--- Task material Enclosed Below ---
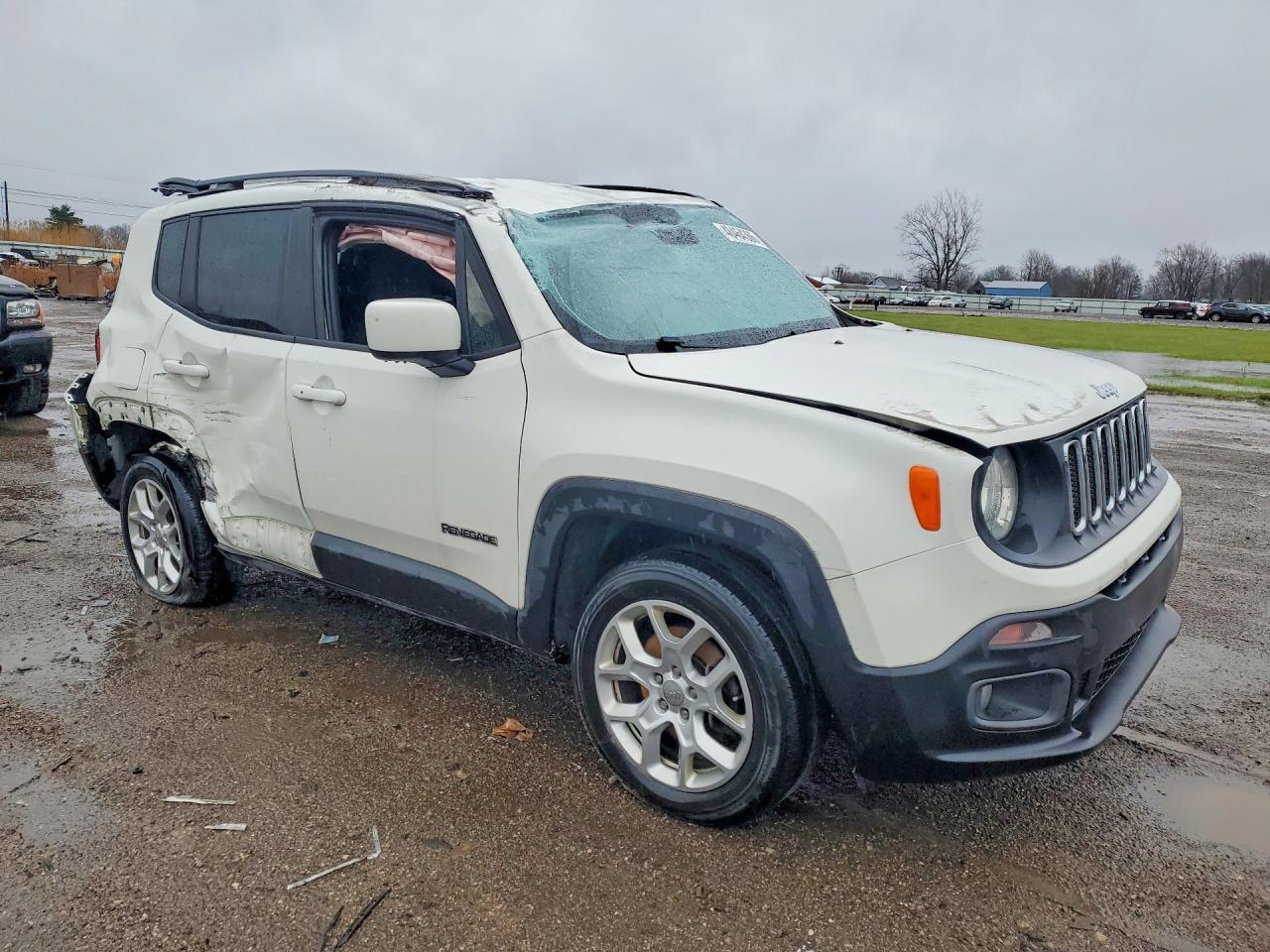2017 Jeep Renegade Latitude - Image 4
--- End of Enclosed Task material ---
--- Task material Enclosed Below ---
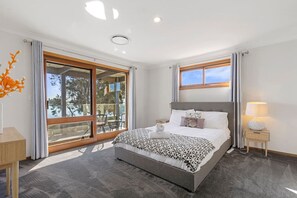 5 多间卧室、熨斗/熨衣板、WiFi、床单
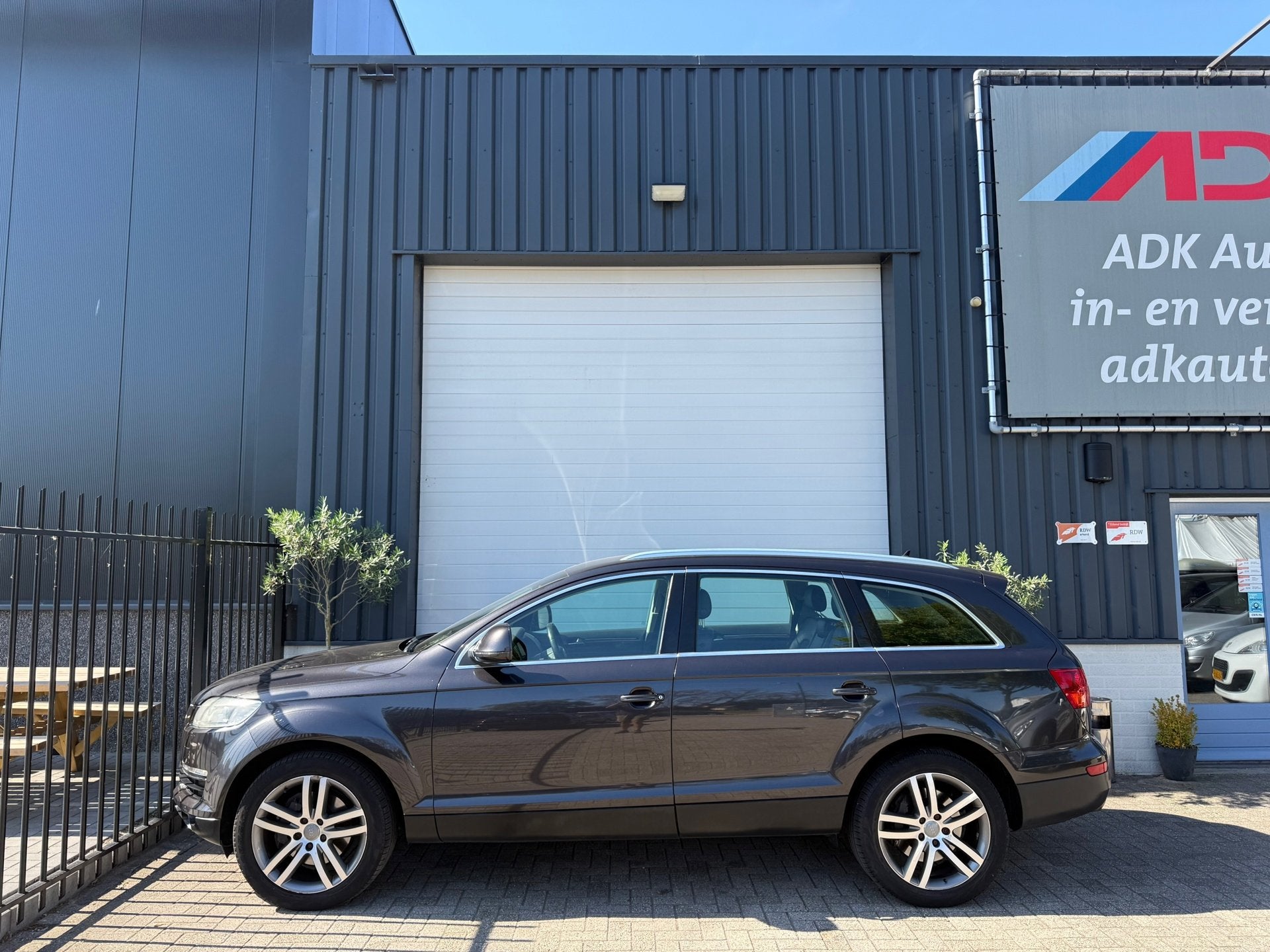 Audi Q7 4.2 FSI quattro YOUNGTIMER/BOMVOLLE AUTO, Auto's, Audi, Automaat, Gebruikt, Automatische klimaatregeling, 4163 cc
--- End of Enclosed Task material ---
--- Task material Enclosed Below ---
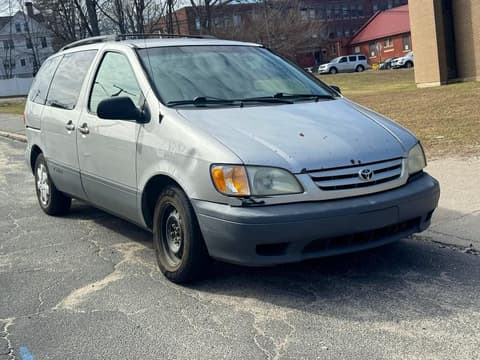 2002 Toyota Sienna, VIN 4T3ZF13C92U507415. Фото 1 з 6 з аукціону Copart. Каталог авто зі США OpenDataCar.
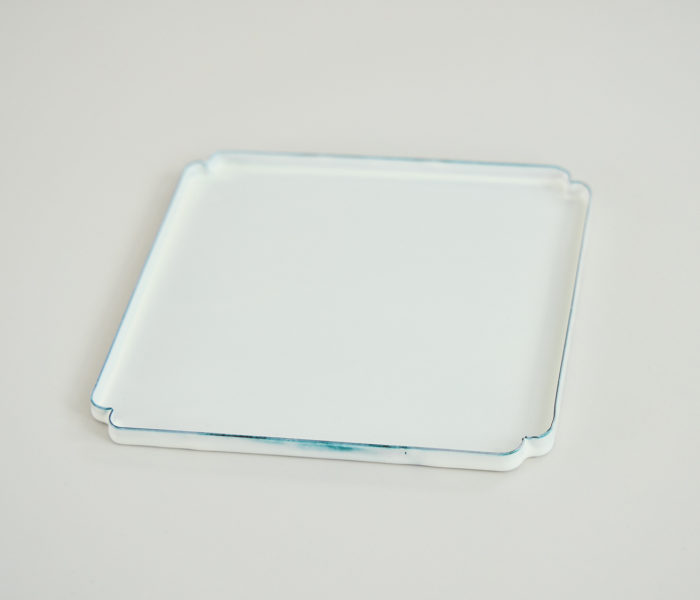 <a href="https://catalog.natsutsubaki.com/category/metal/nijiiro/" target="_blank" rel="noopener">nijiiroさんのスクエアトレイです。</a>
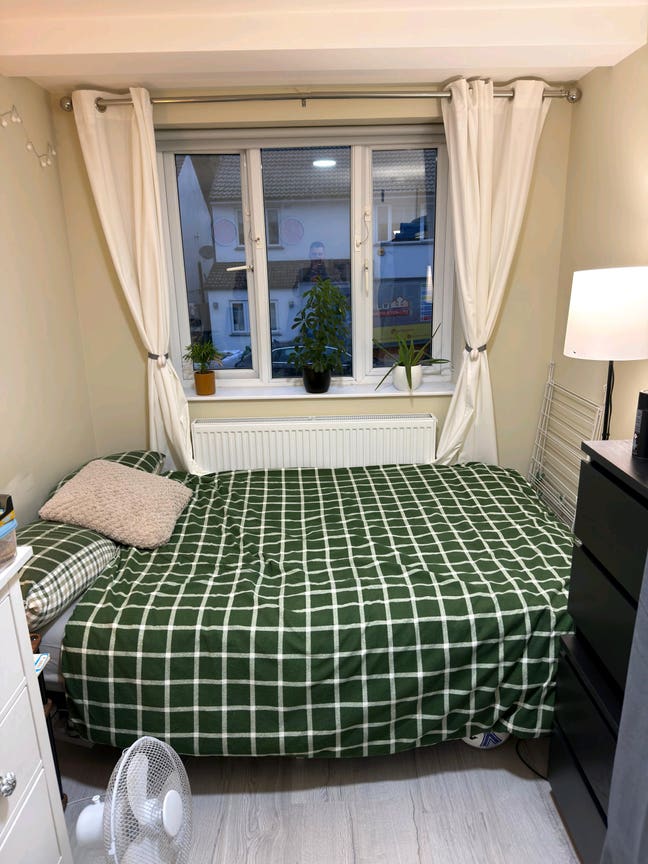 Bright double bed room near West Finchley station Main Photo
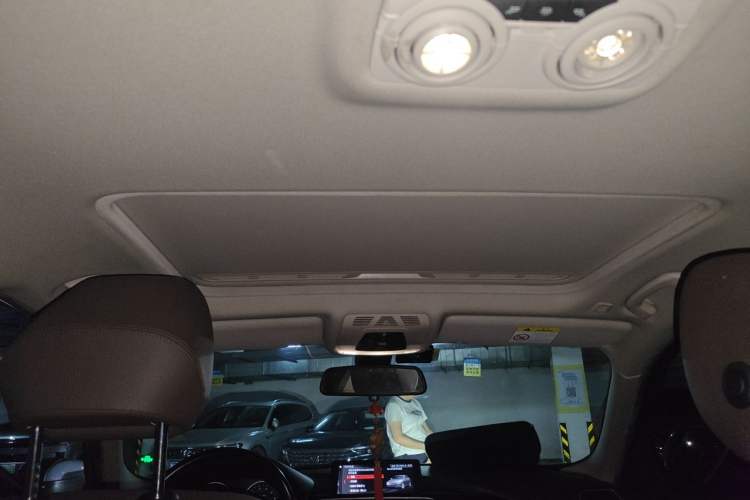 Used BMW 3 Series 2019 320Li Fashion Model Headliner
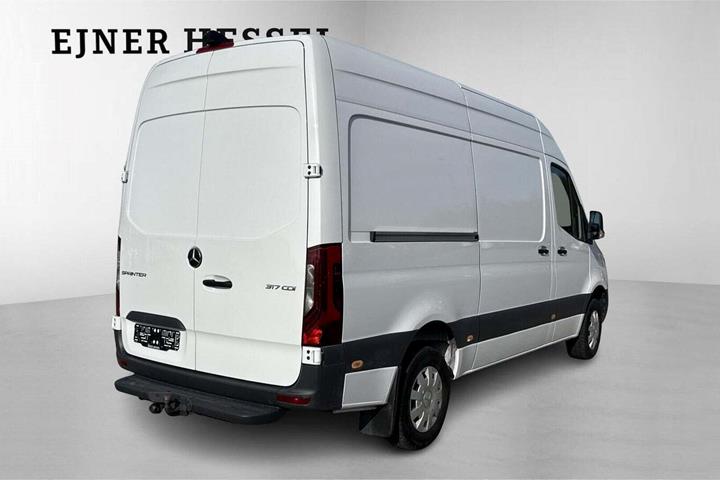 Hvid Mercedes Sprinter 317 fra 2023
--- End of Enclosed Task material ---
## Task to complete
Quote the lines above exactly, starting with the one that has "Used BMW 3 Series" and ending with the one that has "Hvid Mercedes Sprinter 317 fra 2023"; drop the pictures and include nothing else.

## Solution for this task
 Used BMW 3 Series 2019 320Li Fashion Model Headliner
 Hvid Mercedes Sprinter 317 fra 2023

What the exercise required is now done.